O presidente Jair Bolsonaro perde tempo e capital político com extravagâncias, mas seu governo será testado de fato pelo desempenho no Congresso, a começar pela votação da principal reforma de sua fase inaugural, a da previdência. Como o trunfo eleitoral está ficando distante no tempo, e será apagado dos cálculos políticos se o governo continuar demonstrando mistura tóxica de extremismo ideológico e falta de interlocução, será determinante construir pontes com o Congresso. Até agora, não parece ainda haver nenhuma, apesar das mesuras de praxe ao Legislativo.
O caminho natural de acerto político começa pela formação do ministério. É da democracia que partidos políticos aliados detenham uma parcela do poder, mas acertos escusos demonizaram a prática e os políticos. Bolsonaro (PSL-RJ) colocou o fim dessas barganhas como centro de sua campanha eleitoral, tornando seu quase inexistente partido na maior força do Congresso, ao lado do PT (ambos com 54 deputados). O presidente cumpriu a promessa, e isso tem um custo.
Bolsonaro compôs o ministério com alguns integrantes de bancadas temáticas (caso da Agricultura e da pasta de Mulher, Família e Direitos Humanos), um número razoável de nomeações "técnicas" para a infraestrutura desmembrada, entre as quais vários militares da reserva e, por fim, franco atiradores ideológicos sem partido (caso da Educação e Relações Exteriores). O peso político desse time no Congresso é pequeno. O partido mais presente nessa composição, o DEM, com três ministros, inclusive o da coordenação política, não é aliado incondicional do governo nem indicou os nomeados. Apenas Fernando Collor, desde a redemocratização, governou sem fatiar muito seu ministério com partidos e seu PRN era inexpressivo como o PSL antes das urnas. Collor não terminou o mandato, mas não por ter feito um "governo técnico".
Em geral, todos os partidos perderam poder com a ascensão de Bolsonaro, em termos de influência sobre destinação de recursos, controle de grandes orçamentos e influência sobre regulações. O vencedor, o novato PSL, ainda é um ajuntamento sem identidade própria, fora o antipetismo.
Houve de fato um rompimento com os modos e costumes da política na redemocratização, resta saber se ele sobreviverá. Algumas legendas perderam mais que outras. Um trabalho do Ipea, de Noëlle da Silva e Sheila Barbosa (textos para discussão 2453) ajuda a fazer a contabilidade de perdas e danos. O MDB é o caso mais óbvio.
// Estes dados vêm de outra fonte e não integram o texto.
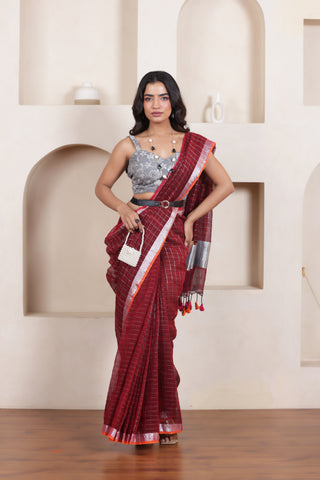 ELEGANT MAROON LINEN COTTON GRID SAREE WITH TIMELESS MINIMAL CHECKS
Participou de todos os governos e controlou ao longo do tempo os ministérios da Infraestrutura, exercendo sua maior influência no segundo governo Lula, quando ocupou seis ministérios.
À medida que crescia o número de partidos e as tarefas de Estado, cresciam as coalizões e a quantidade de legendas nos ministérios. A partir de Lula, a área social foi multiplicada com pastas com status ministerial, mas o poder aí ficou todo concentrado no PT. Até Lula, o PFL, hoje DEM, se aventurou pela área social (Meio Ambiente) e Infraestrutura. No atual governo tem a Saúde e a Agricultura.
Na coalizão ônibus que a ex-presidente Dilma Rousseff montou, encontram-se outros que deixaram de deter nacos do poder como o PR, (que dominou Transportes), PP (Cidades) e PSB (Integração Nacional). O PSDB, que tradicionalmente ocupou cargos em setores do governo da área econômica e da coordenação política, ficou a ver navios. O PSD de Kassab participou dos dois governos anteriores e também não tem cargos.
Se a conta que o governo faz de seu apoio leva em conta simpatias e afinidades com a plataforma econômica do governo, ela pode chegar aos 308 votos necessários para aprovar a reforma da previdência, mas a tarefa não será fácil. Basta contar os partidos fisiológicos - há 139 parlamentares que, em tese, não sabem ou não querem fazer política de outro jeito e que não se comovem com a plataforma liberal. São: PP, 37 deputados, terceira maior bancada, MDB, com 34, quarta maior, PSD, com 35, a quinta e PR, com 33, a sexta. Se a eles se somarem os 140 deputados de oposição nota-se que, dependendo do manejo dos partidos fisiológicos, o apoio parlamentar à reforma pode não ser suficiente.
É possível testar os limites da tradição e tentar um novo relacionamento. Rodrigo Maia, presidente da Câmara, disse que Bolsonaro complica as coisas ao menosprezar os políticos. Depende do Planalto convencê-los a apoiar o governo, ao mostrar que tem rumo certo, programa claro e que se dispõe a realizar composições honestas. Não se vê isso até agora.